_YOUR INSTRUCTIONS_
Begin your copy at the line with "this 250×188 image." in the records below and end it at the line with "this 1200×800 image.", restating each line word for word; omit the pictures.

_EXTRACTED ENTRIES_

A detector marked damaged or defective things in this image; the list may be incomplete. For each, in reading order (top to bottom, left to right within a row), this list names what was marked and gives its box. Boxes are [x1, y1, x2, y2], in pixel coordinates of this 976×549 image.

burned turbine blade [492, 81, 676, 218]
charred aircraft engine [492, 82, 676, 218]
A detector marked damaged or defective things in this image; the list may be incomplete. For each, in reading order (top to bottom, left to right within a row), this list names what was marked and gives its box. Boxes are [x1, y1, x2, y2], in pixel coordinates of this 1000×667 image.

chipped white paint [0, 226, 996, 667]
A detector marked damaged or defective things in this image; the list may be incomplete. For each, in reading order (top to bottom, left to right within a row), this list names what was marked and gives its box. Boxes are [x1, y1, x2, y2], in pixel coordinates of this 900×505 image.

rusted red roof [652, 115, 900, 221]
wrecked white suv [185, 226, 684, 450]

==

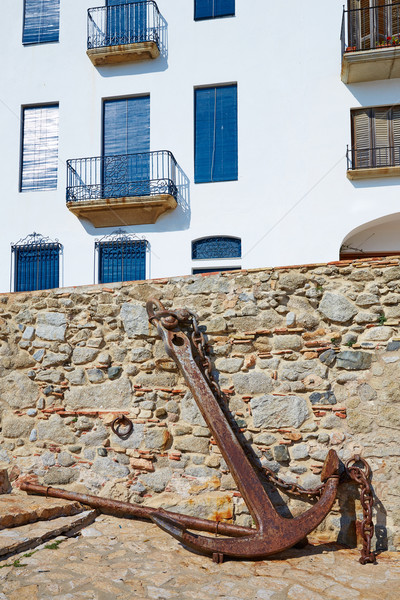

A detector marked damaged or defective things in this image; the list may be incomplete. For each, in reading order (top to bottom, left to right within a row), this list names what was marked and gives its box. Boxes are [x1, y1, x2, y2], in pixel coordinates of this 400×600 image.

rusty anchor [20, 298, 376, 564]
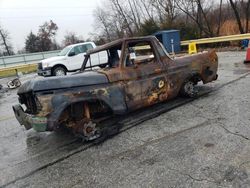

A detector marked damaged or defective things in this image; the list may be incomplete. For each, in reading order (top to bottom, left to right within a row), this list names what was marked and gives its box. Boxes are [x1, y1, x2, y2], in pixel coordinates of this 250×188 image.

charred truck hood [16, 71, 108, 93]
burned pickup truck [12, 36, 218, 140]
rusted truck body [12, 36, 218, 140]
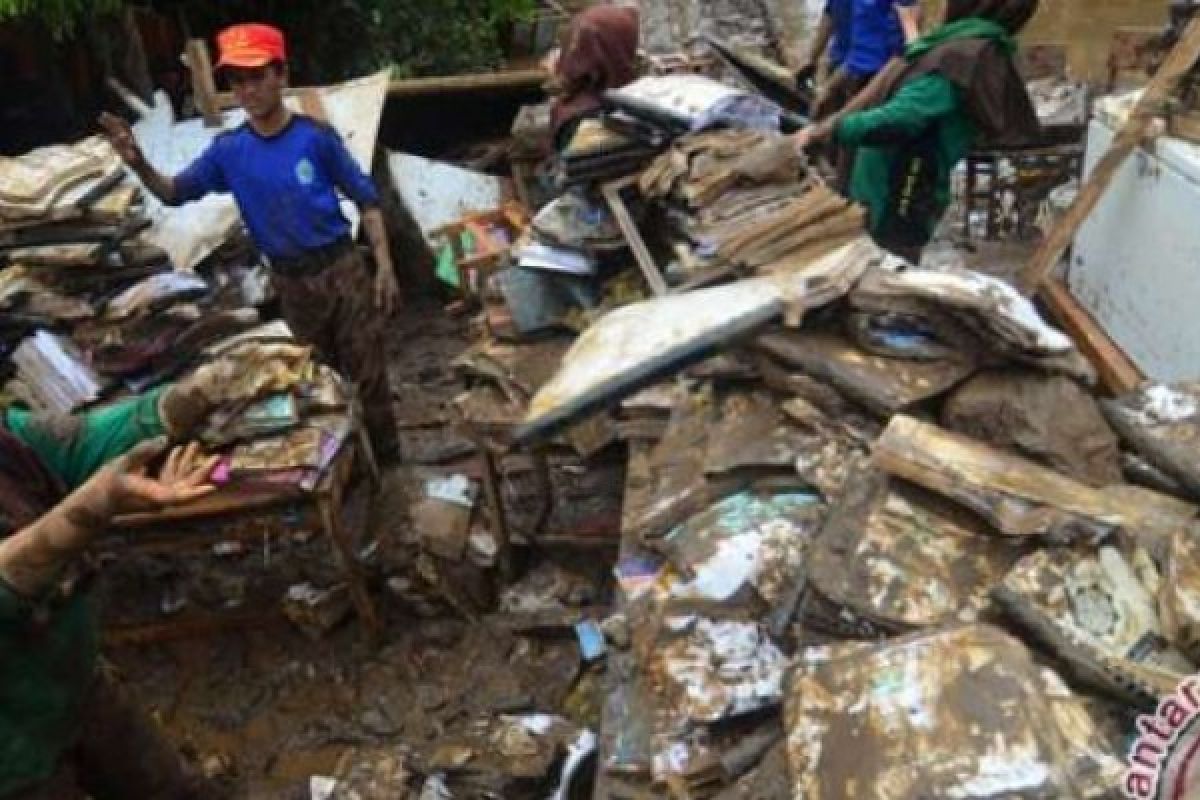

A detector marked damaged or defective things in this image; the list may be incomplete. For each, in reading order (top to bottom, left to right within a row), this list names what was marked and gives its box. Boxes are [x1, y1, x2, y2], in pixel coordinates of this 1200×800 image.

==

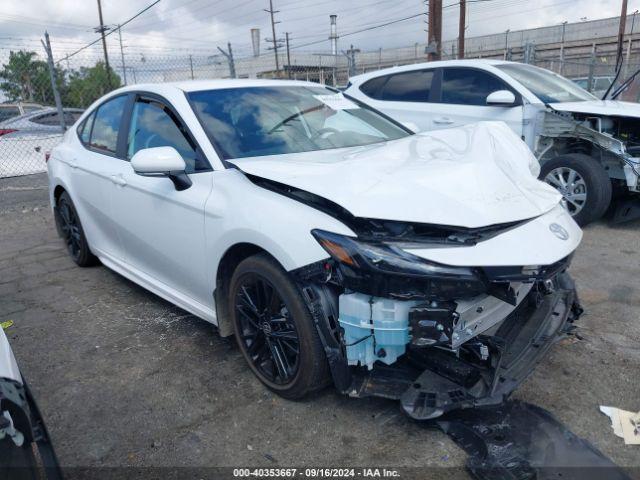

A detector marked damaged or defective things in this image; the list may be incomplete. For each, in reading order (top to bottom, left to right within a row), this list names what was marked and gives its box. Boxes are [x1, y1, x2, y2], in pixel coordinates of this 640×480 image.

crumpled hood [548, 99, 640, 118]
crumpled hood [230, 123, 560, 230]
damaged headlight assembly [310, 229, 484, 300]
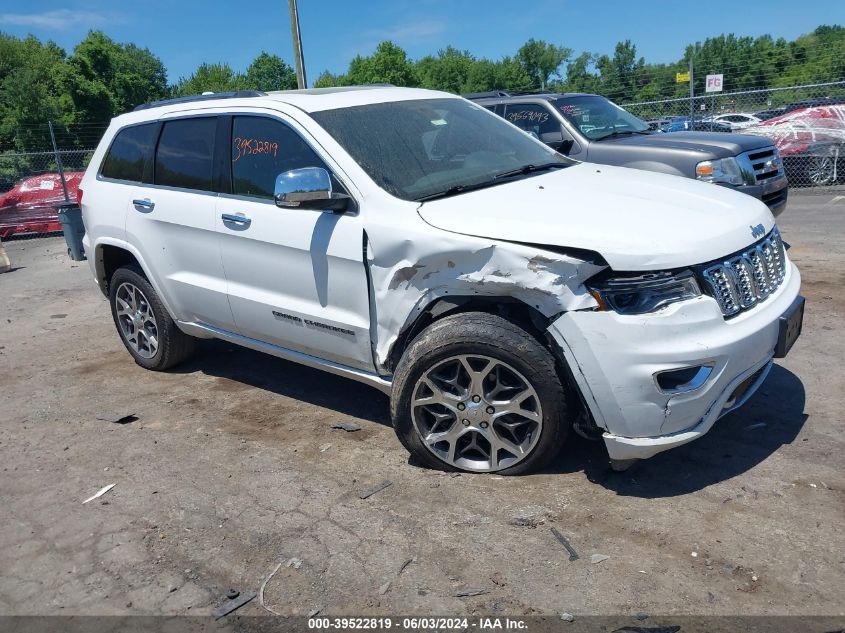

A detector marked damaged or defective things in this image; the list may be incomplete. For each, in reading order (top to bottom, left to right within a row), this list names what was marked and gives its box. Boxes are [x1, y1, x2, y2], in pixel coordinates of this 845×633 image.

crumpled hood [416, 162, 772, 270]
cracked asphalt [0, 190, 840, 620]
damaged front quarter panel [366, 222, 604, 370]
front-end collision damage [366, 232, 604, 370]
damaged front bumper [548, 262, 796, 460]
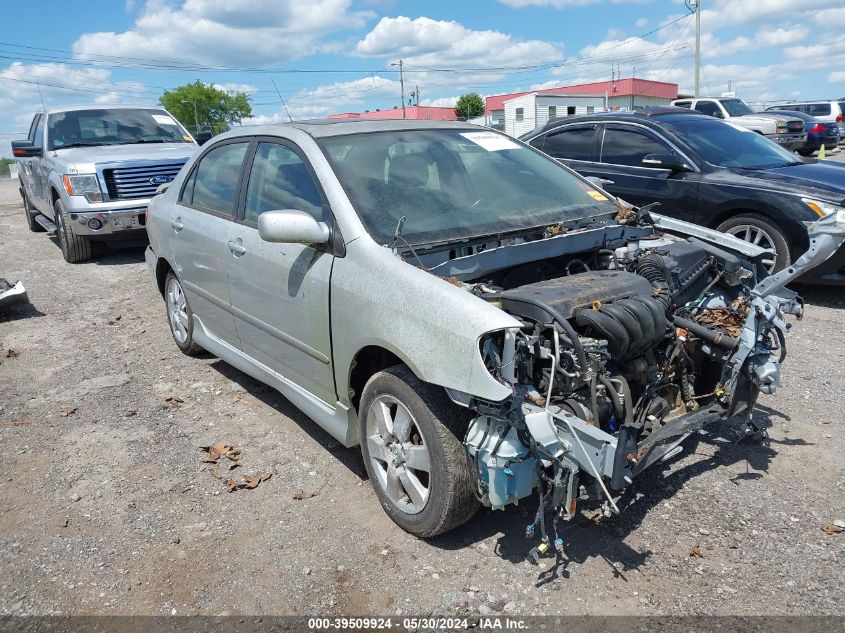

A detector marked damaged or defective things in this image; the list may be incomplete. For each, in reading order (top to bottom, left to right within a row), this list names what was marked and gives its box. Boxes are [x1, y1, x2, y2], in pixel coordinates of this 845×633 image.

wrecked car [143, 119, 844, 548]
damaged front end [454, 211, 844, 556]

_YOUR SOLUTION_
A detector marked damaged or defective things in this image; the list may be incomplete. For each, in reading order (top to bottom, left to right within a row), this list names what was marked and gives its box. Boxes are [x1, y1, x2, y2], in pixel coordinates of this 250×188 image.

charred truck hood [16, 71, 108, 93]
burned pickup truck [12, 36, 218, 140]
rusted truck body [12, 36, 218, 140]

A detector marked damaged or defective things in this image; the list may be incomplete. For each, in reading order (top to bottom, left to right within a row), this list names what was marked and gives its box. Boxes are [x1, y1, x2, y2], in pixel coordinates of this 1200×800 image.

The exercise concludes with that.